Ma intanto Ericsson 4, timonato da Torben Grael, va, ed è stata la prima a passare il cancello posto a 58 gradi di longitudine est raccogliendo 4 punti. Ora Grael punta a nord per le 2200 miglia che lo separano da Cochin. Anders Lewander con la gemella Ericsson 3 è passato secondo al waypoint ed ha incassato 3,5 punti.
Torben Grael, il brasiliano medaglia olimpica e, per noi italiani, soprattutto tattico di Luna Rossa, impegnato al timone di Ericsson 4 in questa che è la sua seconda VOR dice:”Siamo ben preparati e abbiamo una buona barca. A terra hanno sistemato bene la barca per questa seconda tappa. Abbiamo avuto una buona partenza e navigato bene. E' tutto questo messo insieme ci ha fatto arrivare per primi al cancello”.

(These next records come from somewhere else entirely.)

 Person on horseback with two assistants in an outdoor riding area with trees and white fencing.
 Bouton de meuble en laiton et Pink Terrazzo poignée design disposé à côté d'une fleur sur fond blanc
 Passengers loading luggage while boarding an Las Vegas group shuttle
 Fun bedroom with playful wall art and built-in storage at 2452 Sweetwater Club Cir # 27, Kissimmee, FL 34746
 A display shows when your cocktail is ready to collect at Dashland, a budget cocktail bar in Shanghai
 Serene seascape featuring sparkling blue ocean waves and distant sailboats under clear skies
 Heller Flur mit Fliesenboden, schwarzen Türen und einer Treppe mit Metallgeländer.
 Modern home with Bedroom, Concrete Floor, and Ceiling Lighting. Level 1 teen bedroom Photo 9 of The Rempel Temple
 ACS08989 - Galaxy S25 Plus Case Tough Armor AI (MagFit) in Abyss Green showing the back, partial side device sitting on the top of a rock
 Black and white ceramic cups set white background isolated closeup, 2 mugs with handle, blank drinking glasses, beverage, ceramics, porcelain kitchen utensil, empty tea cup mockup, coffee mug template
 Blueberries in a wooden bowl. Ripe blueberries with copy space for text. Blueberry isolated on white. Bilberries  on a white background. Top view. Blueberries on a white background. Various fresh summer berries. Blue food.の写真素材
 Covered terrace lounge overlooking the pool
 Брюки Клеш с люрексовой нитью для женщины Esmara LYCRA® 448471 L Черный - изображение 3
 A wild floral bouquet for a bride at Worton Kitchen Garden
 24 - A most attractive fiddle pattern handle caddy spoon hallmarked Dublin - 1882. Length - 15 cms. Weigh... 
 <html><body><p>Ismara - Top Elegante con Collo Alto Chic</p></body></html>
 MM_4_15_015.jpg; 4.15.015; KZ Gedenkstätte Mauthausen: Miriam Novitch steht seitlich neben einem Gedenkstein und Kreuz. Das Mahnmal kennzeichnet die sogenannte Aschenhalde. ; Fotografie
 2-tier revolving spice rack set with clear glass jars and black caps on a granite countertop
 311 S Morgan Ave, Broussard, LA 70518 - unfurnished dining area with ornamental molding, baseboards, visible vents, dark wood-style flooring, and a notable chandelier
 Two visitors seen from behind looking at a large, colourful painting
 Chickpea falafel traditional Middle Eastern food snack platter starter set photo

I due Ericsson sono stati gli equipaggi che hanno scelto una rotta più meridionale rispetto agli altri Team. Una scelta difficile, perché, se è vero che la rotta è più diretta, ci sono anche maggiori pericoli. Le condizioni per le due barche svedesi sono state infatti molto difficili con venti costantemente sopra i 25 nodi ed un mare confuso e molto ripido. Hanno affrontato anche una bella burrasca con venti fino a 40/50 nodi e qualche vela esplosa ma senza gravi danni.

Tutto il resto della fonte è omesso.